Dickens começou a escrever os seus romances em fascículos publicados nos jornais como forma de receber um pagamento regular (a sua infância a trabalhar em fábricas fora miserável e inspirou muitas das suas ficções). Camilo também o fez, e também por precisar de dinheiro. E os fascículos de  vários géneros (ficção, história, biografia, enciclopédia...) circularam ao longo de todo o século XX, por vezes em cadernos independentes e agrafados (no final, recebia-se a capa e mandava-se encadernar), por vezes impressos nas páginas ou suplementos literários dos jornais e revistas que se podiam coleccionar. No actual estado de coisas, em que as páginas de Cultura dos periódicos têm infelizmente pouco de que falar (passa-se quase nada em termos de lançamentos, espectáculos e eventos), o Diário de Notícias lembrou-se de resgatar o fascículo e está desde segunda-feira a publicar um romance em doze episódios do repórter e crítico João Céu e Silva.
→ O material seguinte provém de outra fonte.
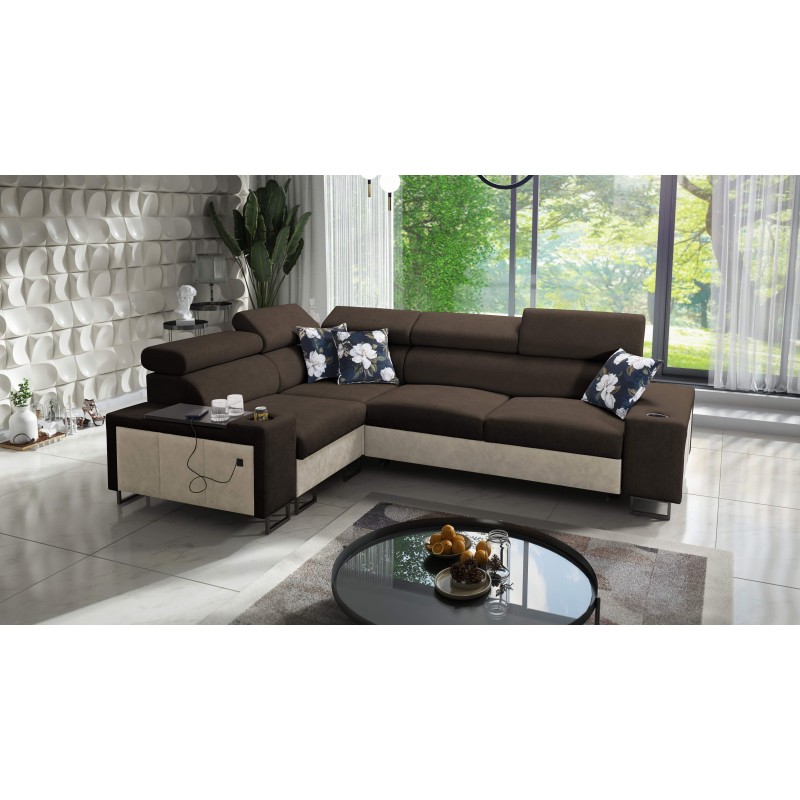 Ecksofa Prestige II mit Schlaffunktion - Luxus und Komfort in Ihrem Wohnzimmer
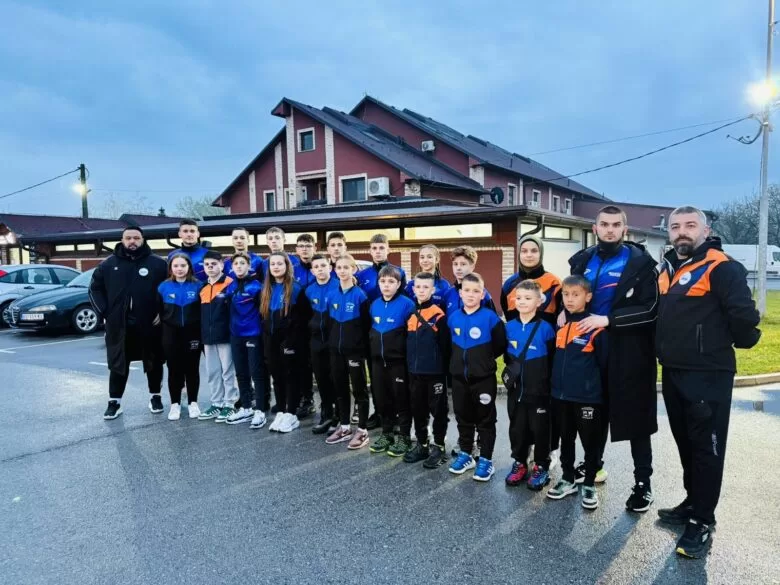 Taekwondo kolektiv Bosna Rudar nastupa na 2. Obrenovac Openu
Chama-se O Regresso de Fernando Pessoa e tem como protagonista o heterónimo Vicente Guedes, que foi preterido como autor do Livro do Desassossego, de Bernardo Soares. Espreite aqui o primeiro capítulo:

https://www.dn.pt/edicao-do-dia/04-mai-2020/a-segunda-vida-de-fernando-pessoa-12148048.html?utm_term=Tancos.+Tudo+o+que+Carlos+Alexandre+ja+sabe+para+o+julgamento&utm_campaign=Editorial&utm_source=e-goi&utm_medium=email

Hoje recomendo um livro de Dickens, porque não? Tempos Difíceis: condizem com os nossos pelo menos em título.